Three Black Crows is a Japanese candlestick pattern indicating a bearish reversal. It occurs during an unfolding uptrend, forming a staircase of long black days. Each day opens slightly higher than the previous day’s close, but then the price reverses into a downtrend and starts to decline. This moment can be considered a trend reversal trading signal. Be careful as prices falling too sharply may prompt bulls to buy the asset at the bottom.
How to recognize this pattern?
1. It is formed by three consecutive long black candlesticks.
2. Each day closes at a new low.
3. Each consecutive candle in this pattern opens within the body of the previous candle.

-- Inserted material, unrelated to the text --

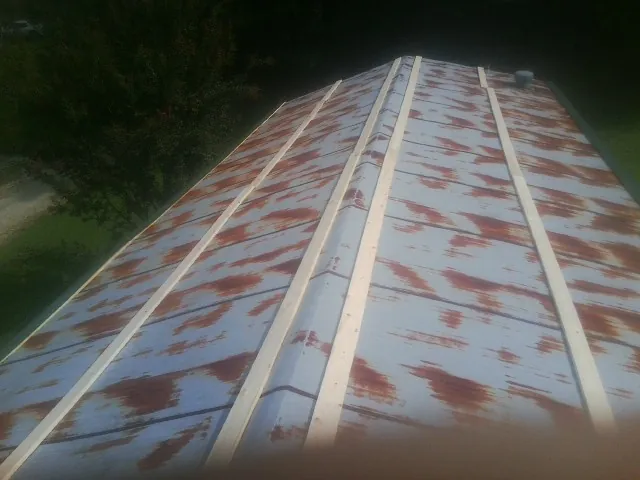 Rusted metal roof panels with new wood purlins before replacement — Storm Damage Roof Repair in Moncure by Roofing Brothers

4. Each day closes at or near its low.
Possible scenarios and pattern psychology
The market has either reached its top or has been at a high price level for some time. The price starts moving downward sharply when a long black day occurs on the chart. During the next two days, you will see a further decline in prices caused by massive selling and profit booking. This type of price dynamic does not favor the bulls.
Pattern flexibility
It would be best to see the body of the first candlestick in this pattern under the previous white day’s high. This scenario would add to the bearish nature of the pattern.
The Three Black Crows pattern transforms into a long black candlestick, fully in line with the model’s bearishness.
A more rigid related model is the Identical Three Crows pattern.